Here’s an IAEA overview as of February 2023,
The discharge of the ALPS treated water into the sea will be conducted after i) purification/re-purification to meet regulatory standards set based on international standards with an exception of tritium and ii) to allay the concerns of the consumers, the target concentration of tritium should be the same as the operational target (less than 1,500 Bq/L, that is less than 1/40 of the regulatory standard value for tritium) by sufficient dilution (more than 100 times) by sea water, prior to the discharge into the sea, and iii) The total annual amount of tritium to be discharged will be at a level below the operational target value for tritium discharge of the Fukushima Daiichi NPS before the accident (22 trillion Bq/year).
So it’s diluted well below internationally accepted concentrations. Moreover, the release is even less than when it was operational!
That 50 ton per day I recalled from long ago. So I had to make some search, here’s what I found :
- Ground Level Enhancement
These effects are usually measured as elevated levels of neutrons and muons. These events can increase the radiation dose of an individual at sea level or while in an aircraft, though not by enough to significantly increase an individual’s lifetime risk of cancer. …and - “solar wind”
400 km/s x 5 ions/cm3 x 1g/mol x …(6400km)2 x 3.1416 x 1e15cm3/km3
… x 86400s/day x 1/(6.02e23 ions/mol) This is about 37 tons per day, mostly proton and alpha particles.
…
I used the diameter of the earth instead of that of the magnetic field around the Earth, this is simplistic but should give an order of magnitude. I did not find better information and the real value should be found by someone else.
solar wind details inside :
Properties and structure
Velocity and density :
“Near the Earth’s orbit at 1 astronomical unit (AU) the plasma flows at speeds ranging from 250 to 750 km/s (155–404 mi/s) with a density ranging between 3 and 10 particles per cubic centimeter and”…
You’re right and I completely forgot about those somehow.
On average, Americans receive a radiation dose of about 0.62 rem (620 millirem) each year. Half of this dose comes from natural background radiation. Most of this background exposure comes from radon in the air, with smaller amounts from cosmic rays and the Earth itself.
So, cosmic rays contribute hardly (about 4%) any to the radiation we receive every day.
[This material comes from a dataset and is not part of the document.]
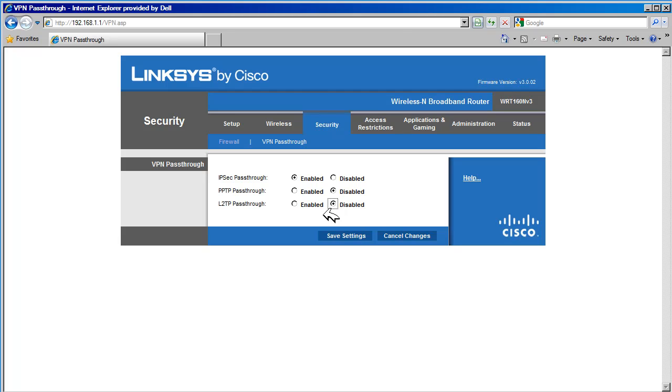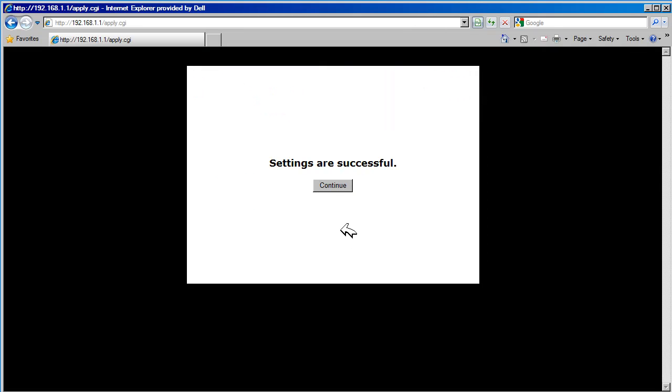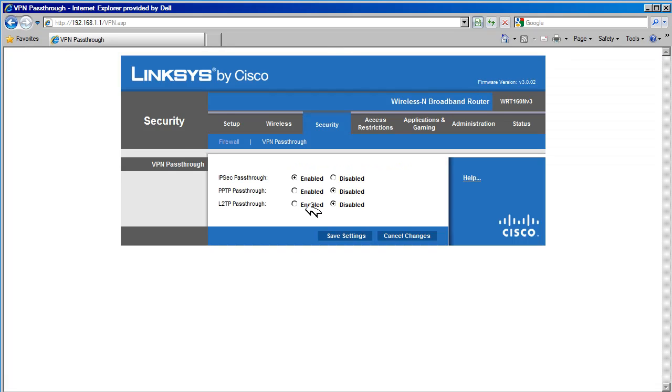We are going to save the settings so changes take effect. This completes the VPN pass-through tab and the security page section.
I’m no expert here, clearly, so I’m not sure how to compare these units of radiation with the ones being provided for the Fukushima water release; those numbers are provided in becquerel from the sources I found.
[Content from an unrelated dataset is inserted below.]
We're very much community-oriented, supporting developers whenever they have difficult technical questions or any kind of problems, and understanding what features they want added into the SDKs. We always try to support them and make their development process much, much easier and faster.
@A_A Japan is So Porite, So Crean!
That’s a weird comparison, isn’t the concentration in one place which makes radioactive materials dangerous? (Not saying that the water has enough radioactive material, just saying that comparing it to the sun and the whole world doesn’t make sense).
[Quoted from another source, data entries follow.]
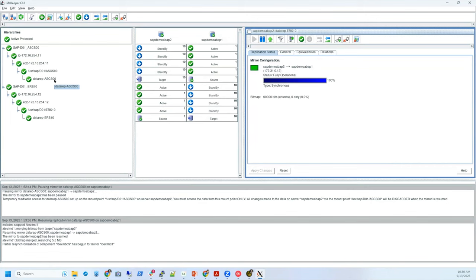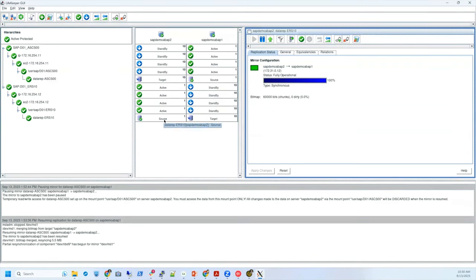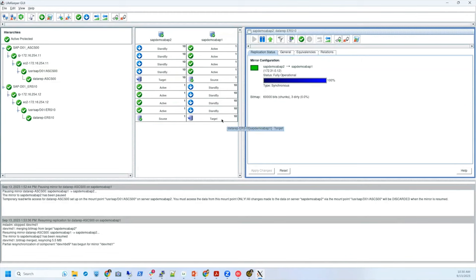Right now you can see the primary or source is ABAP1 for ASCS, and the target is ABAP2 — so this is a mirror. When we fail, this mirror will be the first thing to come up. If any part of the hierarchy fails, the whole hierarchy will fail over to the secondary server. ERS is running on the secondary server — you can see that process is active. The ERS volume source is on ABAP2, and that's being replicated over to server one. You can see they are synchronous mirrors and it's fully replicated at this point in time.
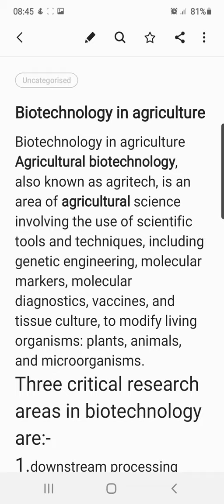Hello dear students. This topic is about biotechnology and its applications. In chapter 12, we need to study biotechnological applications with respect to agriculture, biotechnological applications in medicine, transgenic animals, and ethical issues.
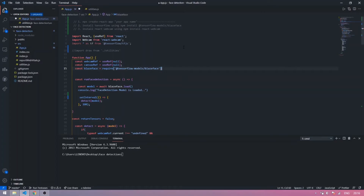What's up guys, I am Zed. Today I am explaining face detection using React.js and TensorFlow.js. React.js is a JavaScript framework and TensorFlow.js is a JavaScript library to train machine learning models.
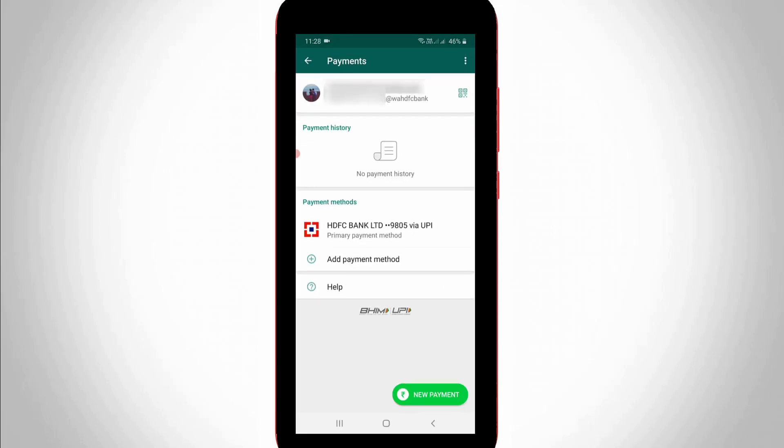So and then you can see, now my HDFC bank account is successfully linked with my WhatsApp payment system, and it shows this is my primary payment method.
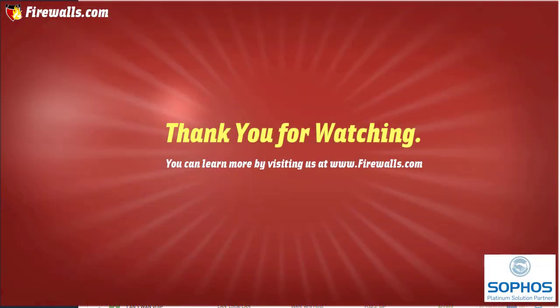If you found this video helpful, give us the thumbs up. Be sure to subscribe to us so you're notified of future video releases. And be sure to come check us out at firewalls.com. Get secure. Stay secure.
It’s not weird and does make sense; since the sun’s huge amount of radiation is dispersed around the world, they are asking if so too might this tiny amount of radiation be dispersed around the ocean. (We should not put down someone for asking questions, learning is good!)
But it’s first released in one place where (if it was in dangerous amounts) it would affect the maritime life whereas the sun is distributed from the start.
As every other nuclear power plant located at the coast does and nobody cares. AFAIK the water from Fukushima is “cleaner” than from other sites.
What’s more, it’s cleaner than when Fukushima was operational!
The total annual amount of tritium to be discharged will be at a level below the operational target value for tritium discharge of the Fukushima Daiichi NPS before the accident
Nobody cares? There’s a worldwide anti-nuclear movement, and release of radioactive materials into the environment is their foremost complaint.
That worldwide anti nuclear movement is funded to some degree by the fossil fuel lobby so take what they say with a grain of salt.